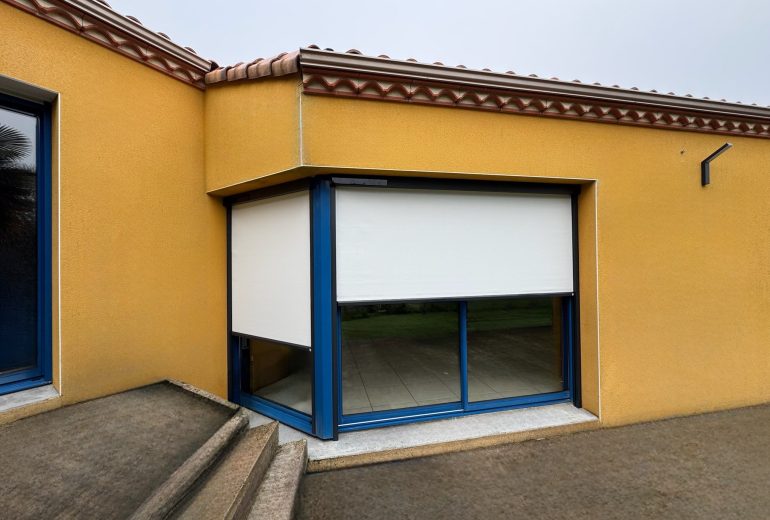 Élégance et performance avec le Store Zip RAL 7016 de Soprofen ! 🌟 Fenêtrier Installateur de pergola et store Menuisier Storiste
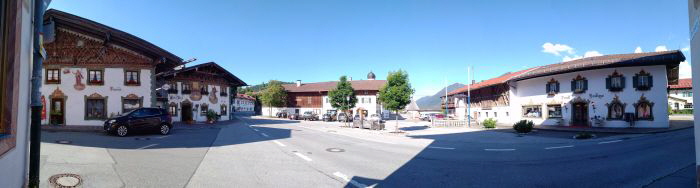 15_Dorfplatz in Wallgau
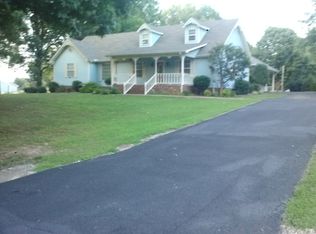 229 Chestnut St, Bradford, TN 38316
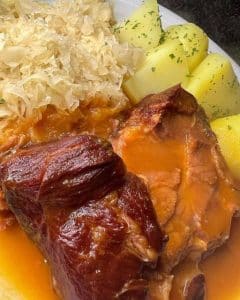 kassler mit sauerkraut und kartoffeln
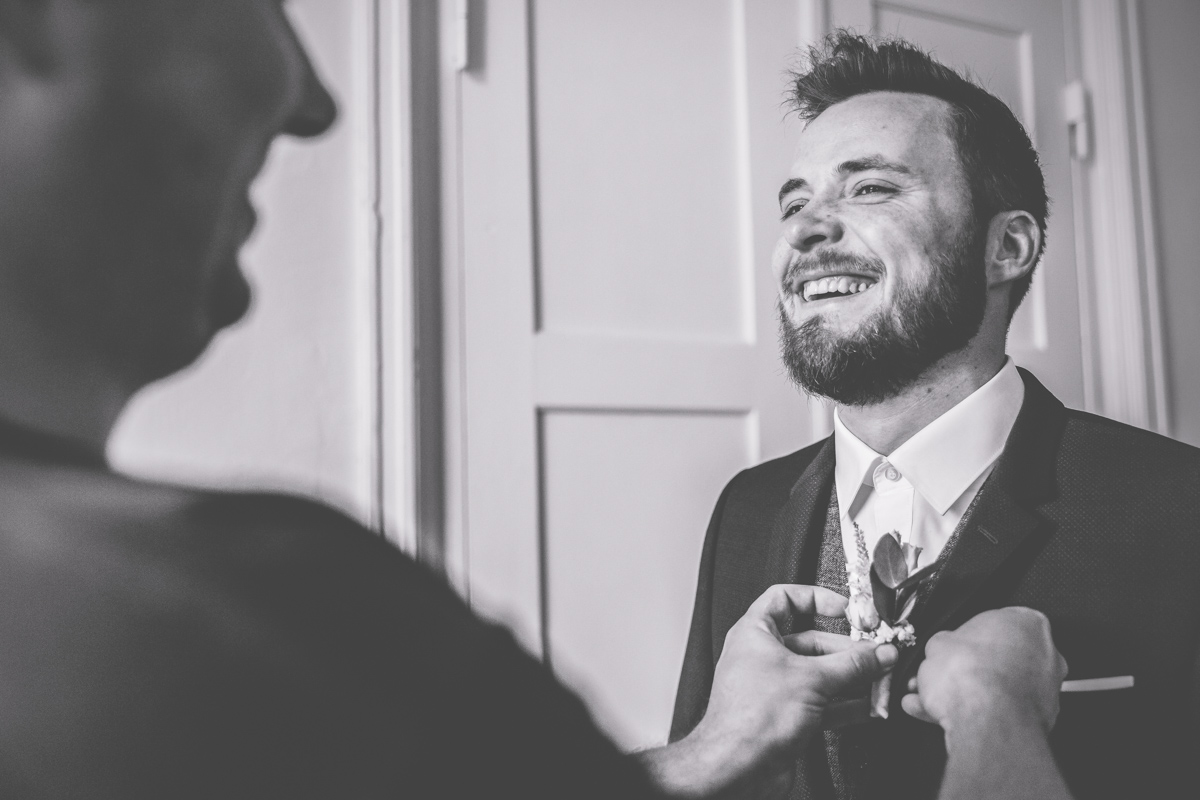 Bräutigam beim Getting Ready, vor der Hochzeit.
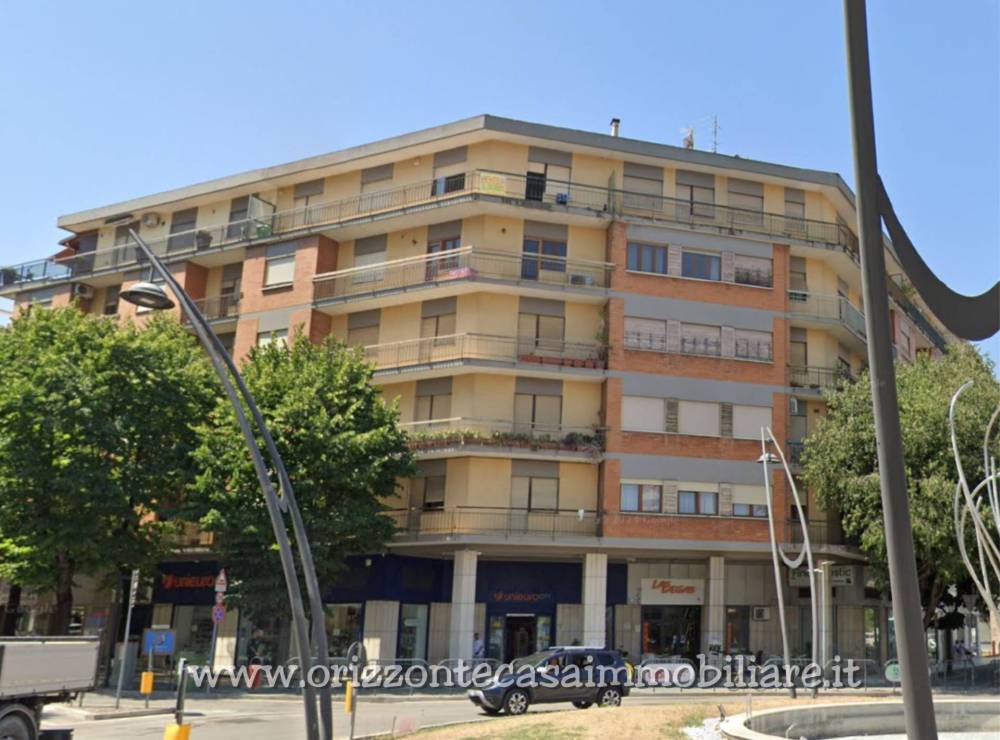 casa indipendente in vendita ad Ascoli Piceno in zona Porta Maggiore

- _TASK REQUIREMENTS_
From the first line above down to the line with "kassler mit sauerkraut und kartoffeln", reproduce every line and no others, omitting pictures.

- _TASK OUTPUT_
 Élégance et performance avec le Store Zip RAL 7016 de Soprofen ! 🌟 Fenêtrier Installateur de pergola et store Menuisier Storiste
 15_Dorfplatz in Wallgau
 229 Chestnut St, Bradford, TN 38316
 kassler mit sauerkraut und kartoffeln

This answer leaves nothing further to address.